The previous four days had been occupied by Barcelona, exploring the seaside city’s Catalan culture through tapas and Cava. My friend and I saw the typical Gaudi architecture required by all tourists, I tried—and loved—my first dish of paella, and we discovered that local wine was surprisingly inexpensive. Barcelona’s finale was the opera in the impressive Grand Teatro Liceu, a building that surpassed every dream I had of it.
We moved onto Madrid, where we slowed down the pace and focused on taking in the intricacies of Spanish culture and the intimate beauty of the city. I fell in love with her architecture, the narrow winding streets covered in cobblestone, and captivating history. I was constantly mesmerized by the fact that the city—like most of Europe—told time in the form of centuries, not decades, with stories spanning lengths of time I couldn’t even fathom.
After we toured Madrid’s cathedrals, palaces and opera house, we took a day trip to Toledo to experience a Medieval city firsthand. Like a time capsule into Spain’s history, somehow the streets were more narrow, more winding than Madrid’s; the churches even older, the culture more ancient.
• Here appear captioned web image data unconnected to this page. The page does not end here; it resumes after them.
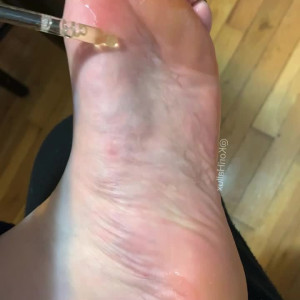 kori_hallux #4181160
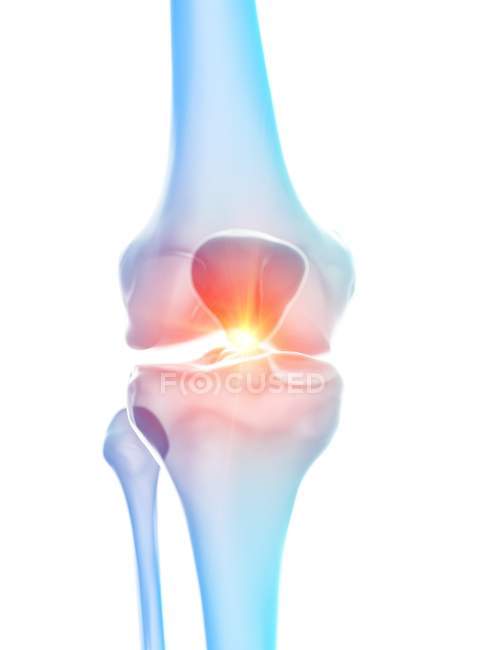 Anatomia umana del dolore al ginocchio, illustrazione concettuale del computer . — Foto stock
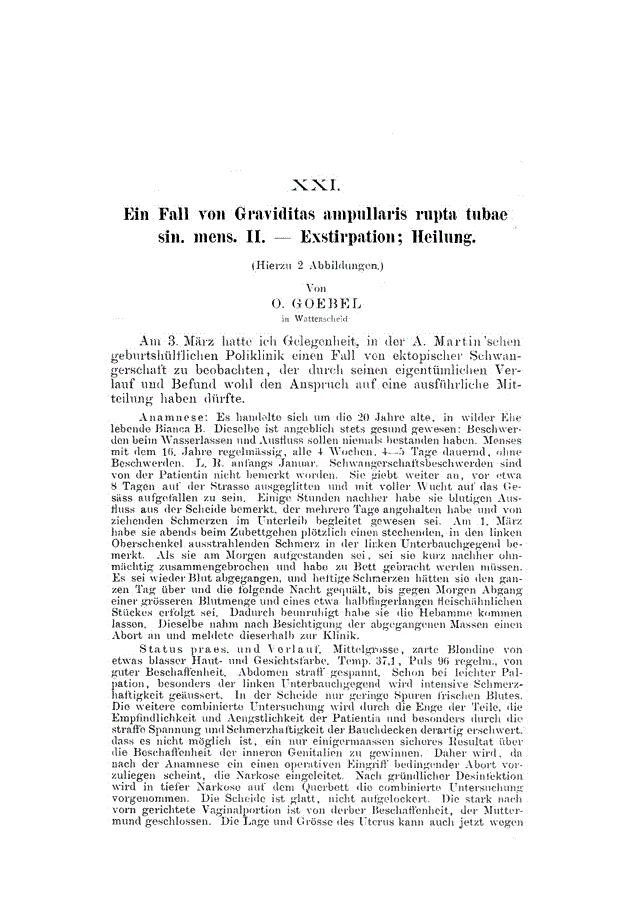 First page of XXI. Ein Fall von Graviditas ampullaris rupta tubae sin. mens. Exstirpation; II. Heilung<subtitle>(Hierzu 2 Abbildungen.)</subtitle>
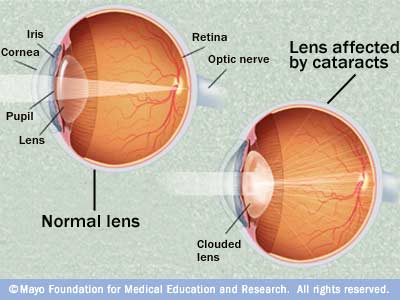 diagram of an eye cataract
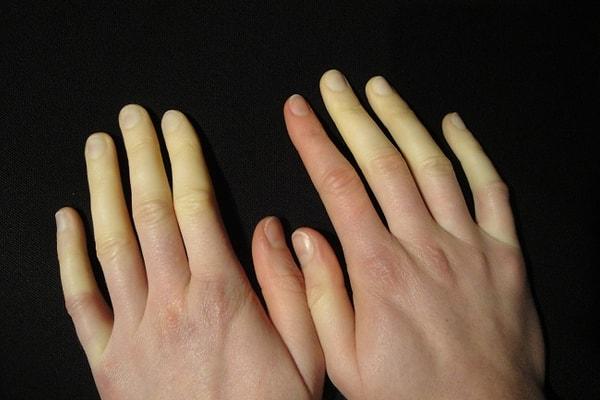 2. Parmaklarda renk değişimi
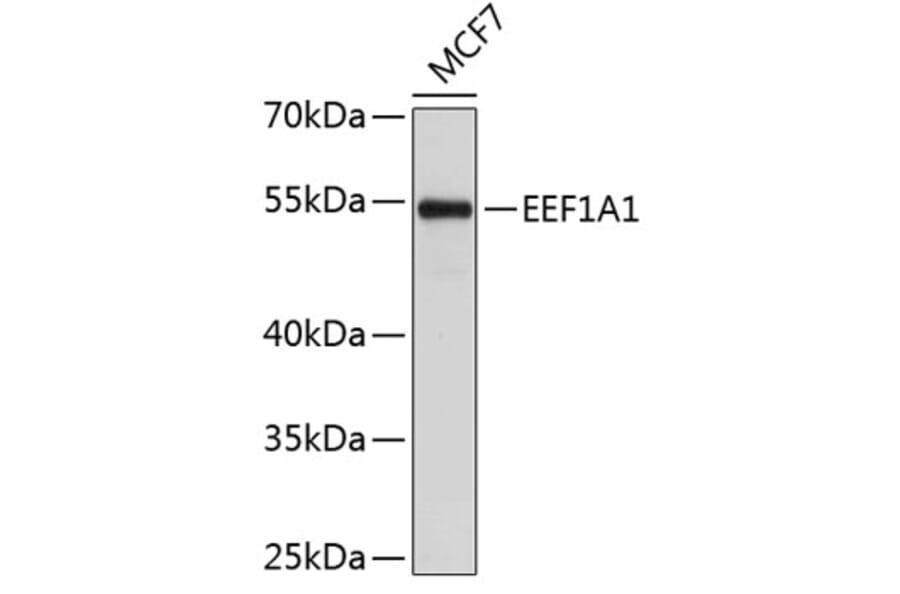 Western Blot - Anti-EEF1A1 Antibody (A0831) - Antibodies.com
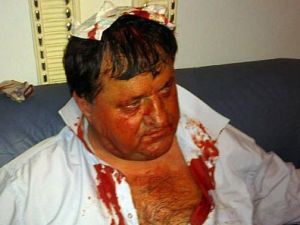 Ukrayna Parlamentosunda Kan Aktı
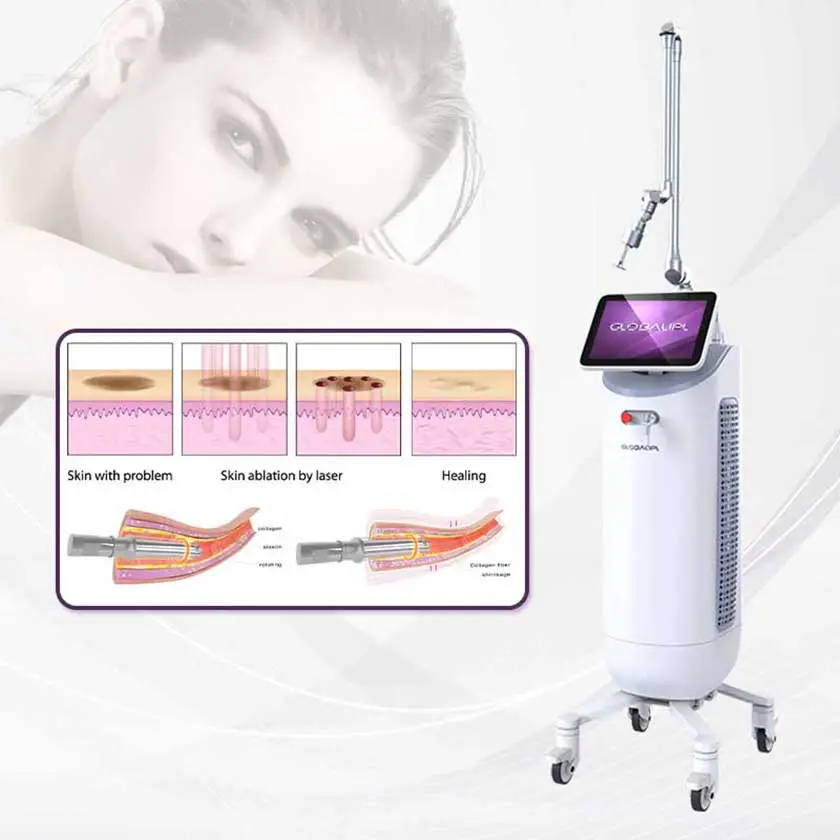 Laser frativo co2, novo design, rejuvenescimento vaginal, remoção de rugas e rejuvenescimento da pele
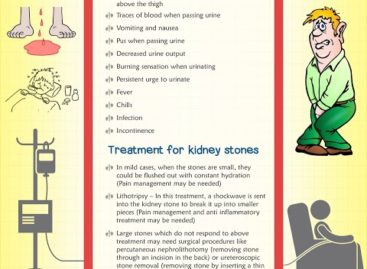 Kidney Stone Causes, Symptoms and Treatments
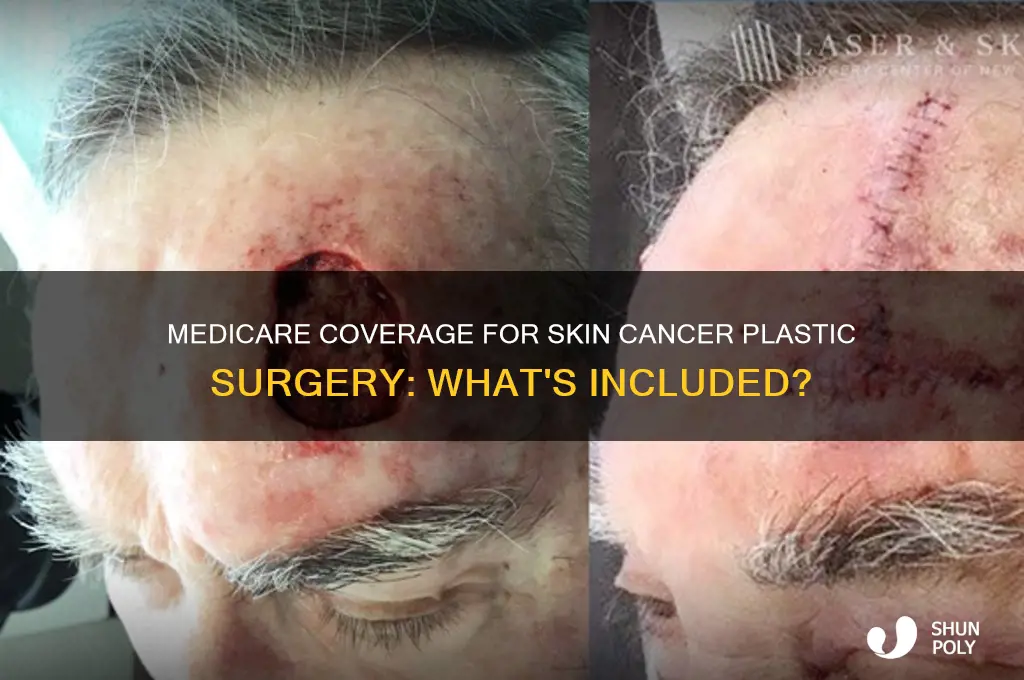 is plastic surgery for skin cancer covered by medicare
And all the more breathtaking.
While I could have remained in Spain for weeks, maybe even years, eventually we moved onto Paris. The city’s quaint cafés, iconic buildings and famous structures have been photographed a thousand times but seeing them with my own eyes was different. Paris elicits a beauty that is truly enchanting. Every street stopped me in my tracks as being picture-perfect. It turns out that all the hype, the obsession, is justified.
And not just its physically beauty. Every pastry, every sip of wine, every bite of every dish was memorable. So many moments in Paris stunned me to a stop, requiring me to pinch myself. Yes, this was Paris, and yes, I was really here.
So much of Paris was overcrowded by tourists. Like the graffiti that taints the city, it’s easy to get distracted by the grime. But I reminded myself to look beyond those things and see the city for what it is: a fairytale that I have dreamed of experiencing for years.
In four days we marked off an impressive list of sightseeing requirements throughout Paris: the Eiffel Tower, of course, the Arc de Triomphe, the Notre Dame. We visited the Catacombes and the Palace of Versailles. Then we saw the opera followed by a ballet/opera in the most stunning building I have ever been able to step foot in. It was surreal in the most extreme definition.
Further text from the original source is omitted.